§ What the task asks
Restate each record below word for word, skipping images.
[Information shown — start]
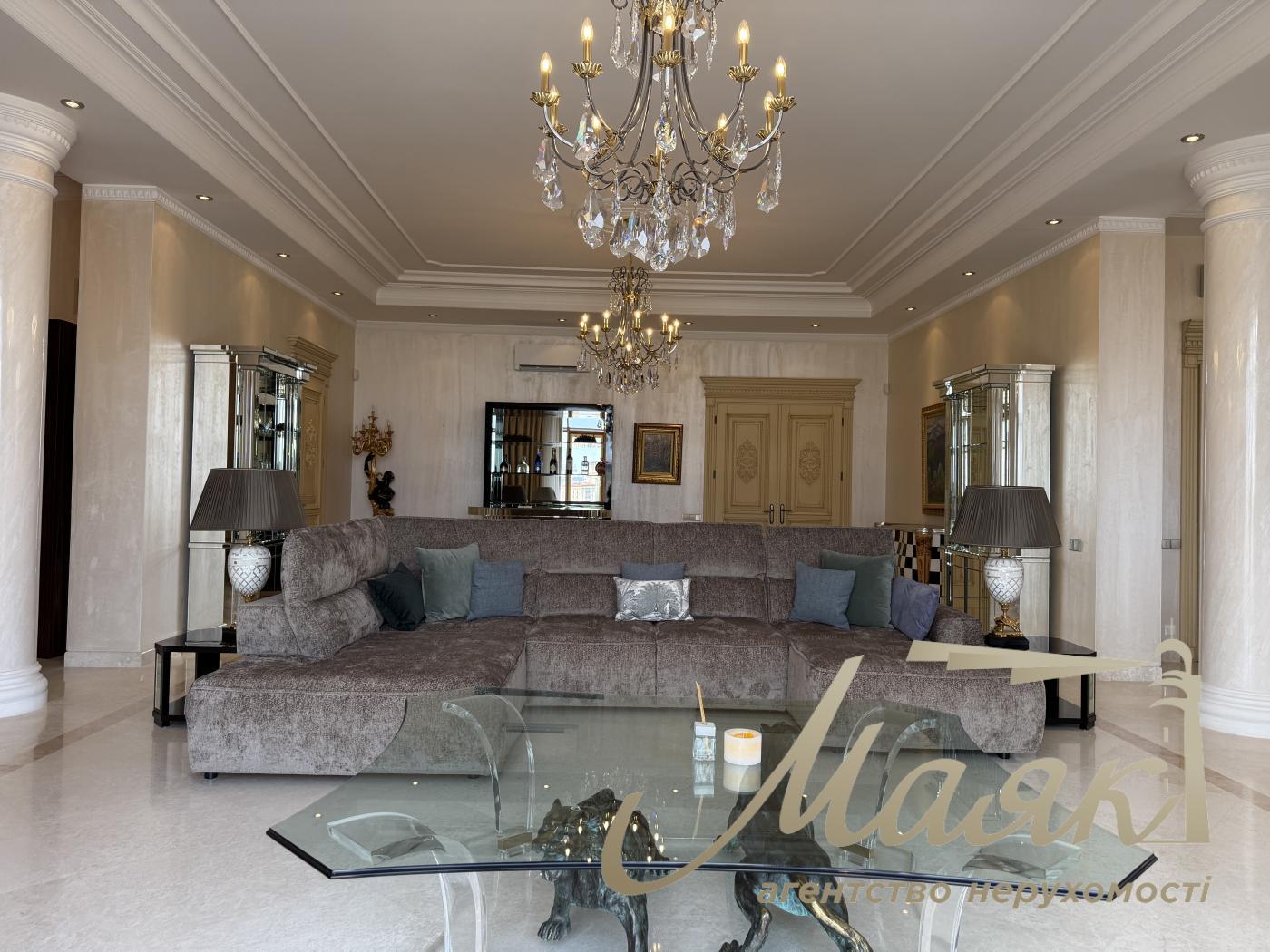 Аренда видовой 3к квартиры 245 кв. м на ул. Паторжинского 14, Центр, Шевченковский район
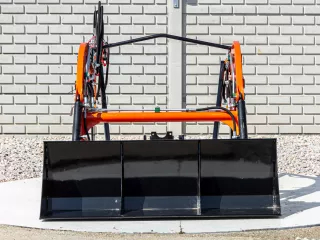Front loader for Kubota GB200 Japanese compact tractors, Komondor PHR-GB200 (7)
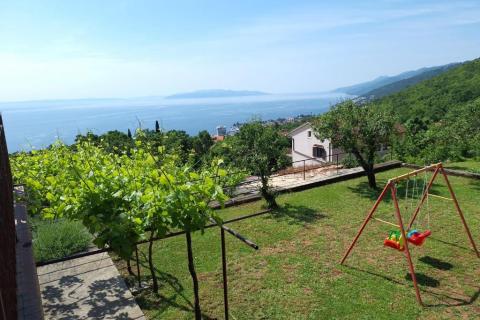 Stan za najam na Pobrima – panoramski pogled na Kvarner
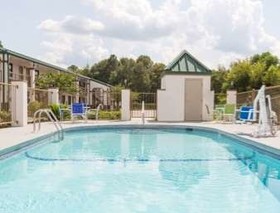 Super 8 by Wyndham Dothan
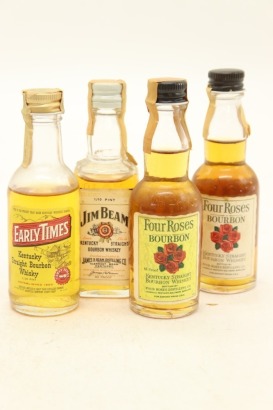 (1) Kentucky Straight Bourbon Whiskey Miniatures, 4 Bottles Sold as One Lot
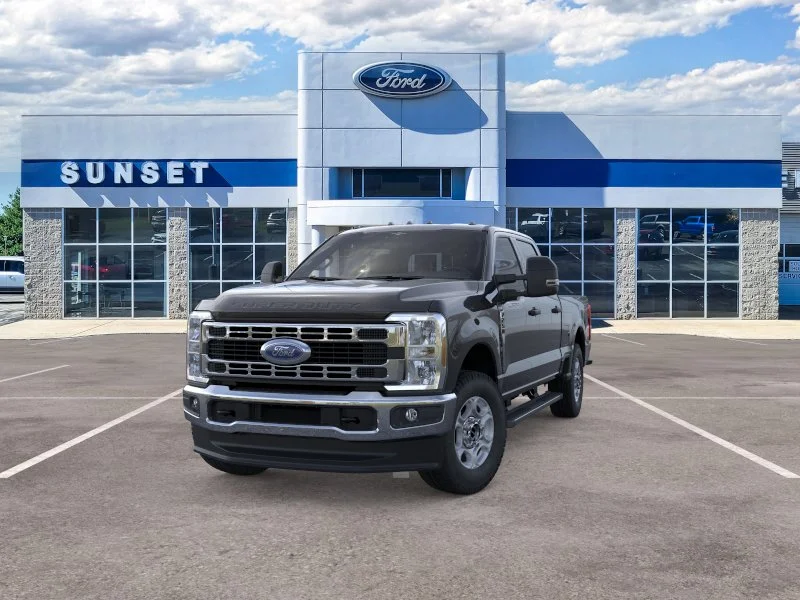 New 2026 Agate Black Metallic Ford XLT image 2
[Information shown — finish]
§ Output of the task
 Аренда видовой 3к квартиры 245 кв. м на ул. Паторжинского 14, Центр, Шевченковский район
Front loader for Kubota GB200 Japanese compact tractors, Komondor PHR-GB200 (7)
 Stan za najam na Pobrima – panoramski pogled na Kvarner
 Super 8 by Wyndham Dothan
 (1) Kentucky Straight Bourbon Whiskey Miniatures, 4 Bottles Sold as One Lot
 New 2026 Agate Black Metallic Ford XLT image 2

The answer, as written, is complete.